Monday Medley: N.L. prof won’t accommodate hearing-impaired students

A man wearing a hearing aid.
A man wearing a hearing aid. Stock photo by Getty Images.

Say what? Explain that to me again, I’m a little hard of hearing. Seriously?

A professor at Memorial University of Newfoundland has refused to accommodate a hearing-impaired student’s request to wear an electronic voice transmitter, citing religious reasons.

As part of her refusal, Ranee Panjabi, who teaches a History of Espionage class at MUN, points to an agreement she made with university administrators nearly 20 years ago that ensures she doesn’t have to wear any electronic devices due to her religion — Panjabi is Muslim.

However, it has not been disclosed specifically what those reasons are. Unfortunately, even the university seems to have forgotten it made the deal with Panjabi, but has chosen to keep the pact in place.

Understandably, many students are shocked the university would have made such an agreement, including William Sears, who is hearing-impaired.

Sears, who was forced to drop Panjabi’s class, filed a complaint and contacted the Canadian Hard of Hearing Association as well as the Newfoundland and Labrador Human Rights Commission.

We’ll keep our ears perked for any updates.

B.C. court rules children under 10 can’t be left home alone

Remember Home Alone, where an 8-year-old Macauley Culkin was left unattended by his parents, who left on a family vacation? Well, if that were to happen in British Columbia now, his parents would be in big trouble.

A recent B.C. Supreme Court decision has ruled that children under the age of 10 are not to be left home unsupervised.

Funnily enough, the case on which the court ruled was also about an 8-year-old child, known as A.K., who was alone and unsupervised every day after school between 3 p.m. to 5 p.m.

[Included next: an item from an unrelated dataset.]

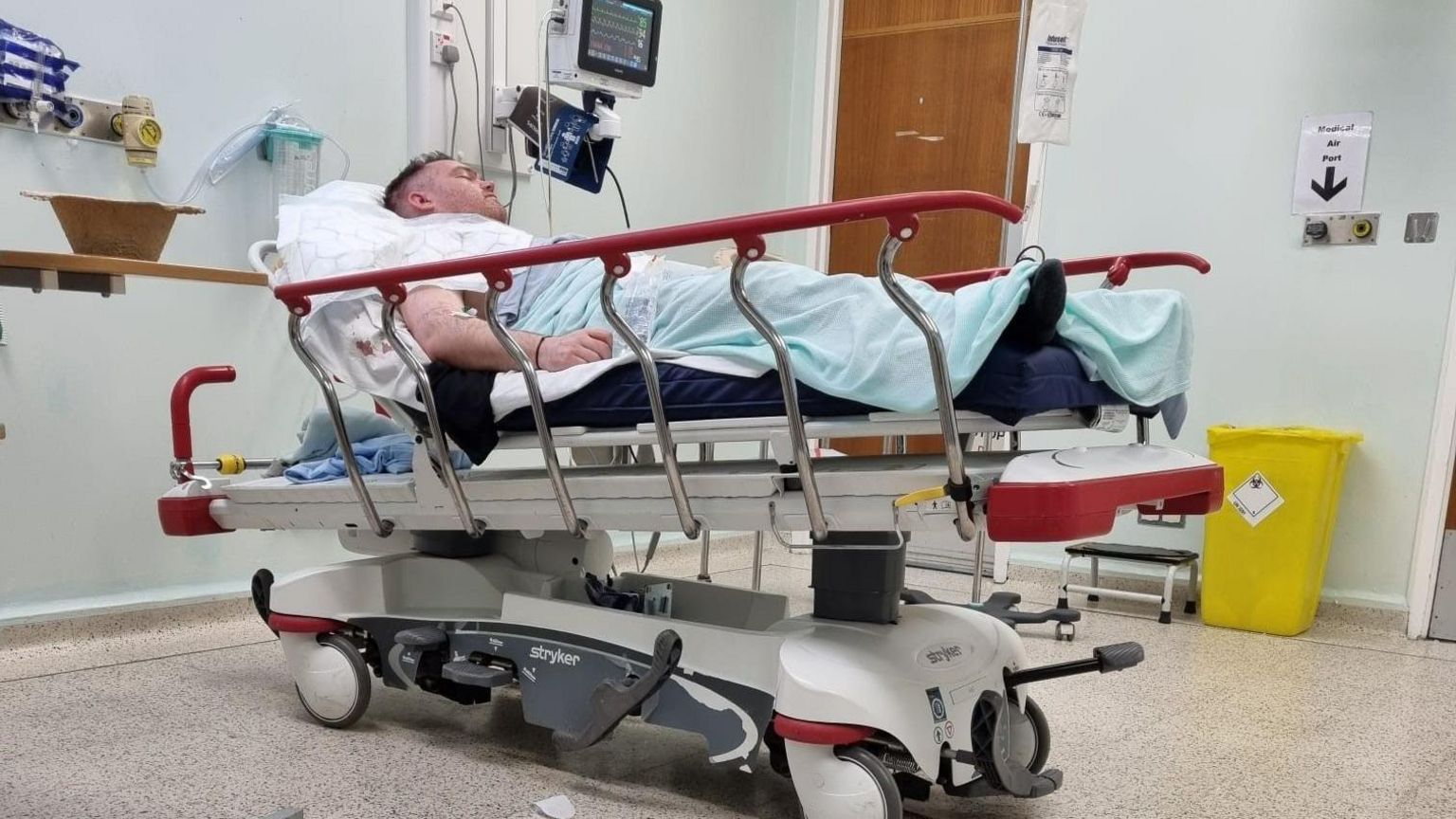 PC Aspinall lies in a hospital bed covered with a blanket. His eyes are closed and he appears to be hooked up to machines. 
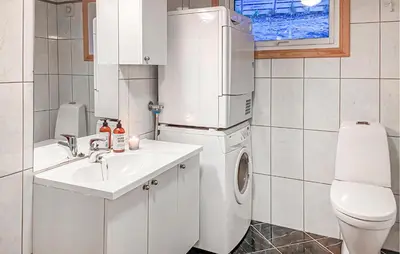 a bathroom with a sink and a washer and dryer at 4 Bedroom Awesome Home In Luster in Luster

His mother, known as B.R. was at work during that time.

A social worker was made aware of A.K’s situation and told B.R. that children under 10 can’t be left alone.

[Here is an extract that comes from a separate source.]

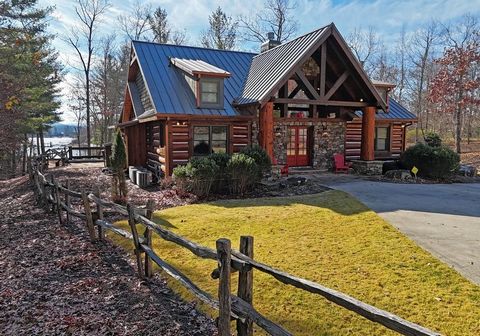 Exquisite Lakeside Retreat: Your Log Cabin Oasis. Nestled along the tranquil shores of Lake Blue Ridge, this spectacular log cabin epitomizes the essence of rustic luxury living. Less than 5 miles from the charming town of Blue Ridge, yet tucked away...
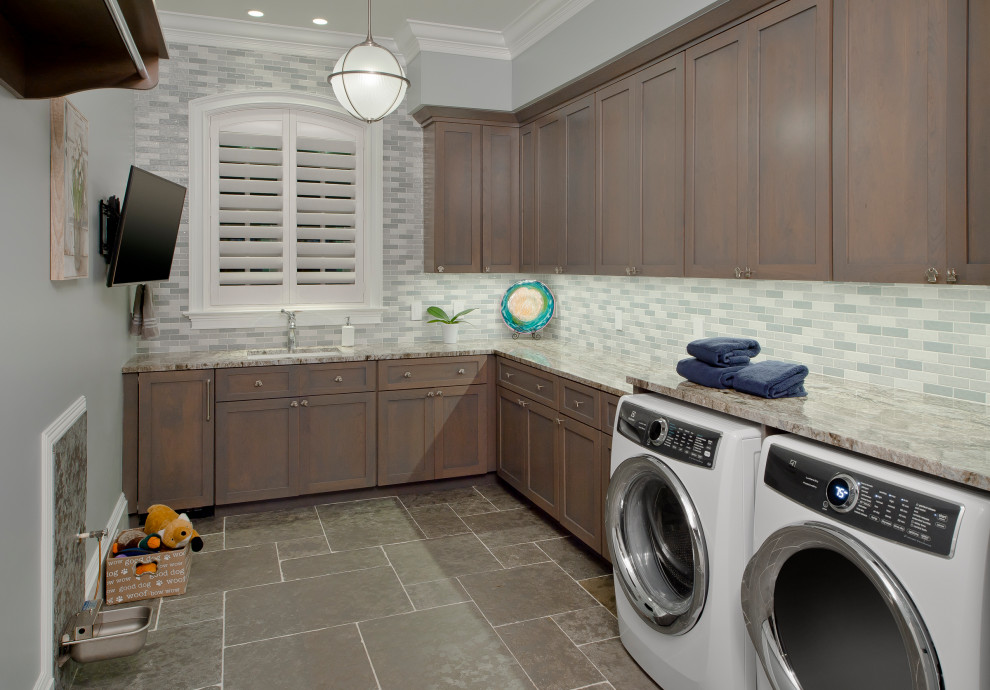 L-shaped dedicated laundry room in Baltimore with a single-bowl sink, shaker cabinets, brown cabinets, grey walls, a side-by-side washer and dryer, grey floor and multi-coloured benchtop.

B.R. went to court to challenge a supervision order she was given after social services got involved, but the court agreed with the social worker. The decision was also supported by safety experts, who say children are not ready to be left alone at such a tender age.

So, the next time you think your young child is fine being left alone for a few hours, think again.

Saskatchewan doctors must assist patients, regardless of beliefs

There’s always a fine line between belief and professionalism. The College of Physicians and Surgeons in Saskatchewan has approved a conscientious objection policy, which forces doctors to explain all options to their patients.

Doctors must do this even if it goes against their deeply held moral or religious beliefs. If they absolutely refuse to do it, then the doctors must refer the patients to another doctor.

The one area exempt from this new policy is physician-assisted suicide.

It remains to be seen whether Saskatchewan doctors will create a challenge to the college’s new policy.